──────── RECORDS SHOWN ────────

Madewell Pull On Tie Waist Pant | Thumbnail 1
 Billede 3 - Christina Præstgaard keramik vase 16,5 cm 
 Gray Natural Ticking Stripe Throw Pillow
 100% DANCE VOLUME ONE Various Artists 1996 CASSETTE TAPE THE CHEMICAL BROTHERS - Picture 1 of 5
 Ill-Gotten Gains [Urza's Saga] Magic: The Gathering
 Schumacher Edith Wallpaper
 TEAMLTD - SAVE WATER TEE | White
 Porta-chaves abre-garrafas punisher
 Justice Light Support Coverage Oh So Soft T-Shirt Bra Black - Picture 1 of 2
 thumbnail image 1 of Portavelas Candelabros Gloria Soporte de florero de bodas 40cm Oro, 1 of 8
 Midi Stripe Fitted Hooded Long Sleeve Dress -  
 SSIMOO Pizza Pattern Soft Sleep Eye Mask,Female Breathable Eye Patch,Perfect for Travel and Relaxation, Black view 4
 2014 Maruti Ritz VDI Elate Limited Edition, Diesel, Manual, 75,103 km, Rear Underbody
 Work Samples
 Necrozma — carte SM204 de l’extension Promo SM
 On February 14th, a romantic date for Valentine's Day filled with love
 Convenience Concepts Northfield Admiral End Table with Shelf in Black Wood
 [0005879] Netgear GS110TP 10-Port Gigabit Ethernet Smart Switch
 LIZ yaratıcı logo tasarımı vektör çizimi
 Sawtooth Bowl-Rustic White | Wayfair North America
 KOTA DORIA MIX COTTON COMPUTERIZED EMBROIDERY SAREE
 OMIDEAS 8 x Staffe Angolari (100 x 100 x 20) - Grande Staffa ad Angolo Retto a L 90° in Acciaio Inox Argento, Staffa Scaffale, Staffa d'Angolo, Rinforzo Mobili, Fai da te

────────

## ABOUT THIS TASK:
Please copy out each line in the entries that mentions the string "with".

## RESPONSE TO THE EXERCISE:
 On February 14th, a romantic date for Valentine's Day filled with love
 Convenience Concepts Northfield Admiral End Table with Shelf in Black Wood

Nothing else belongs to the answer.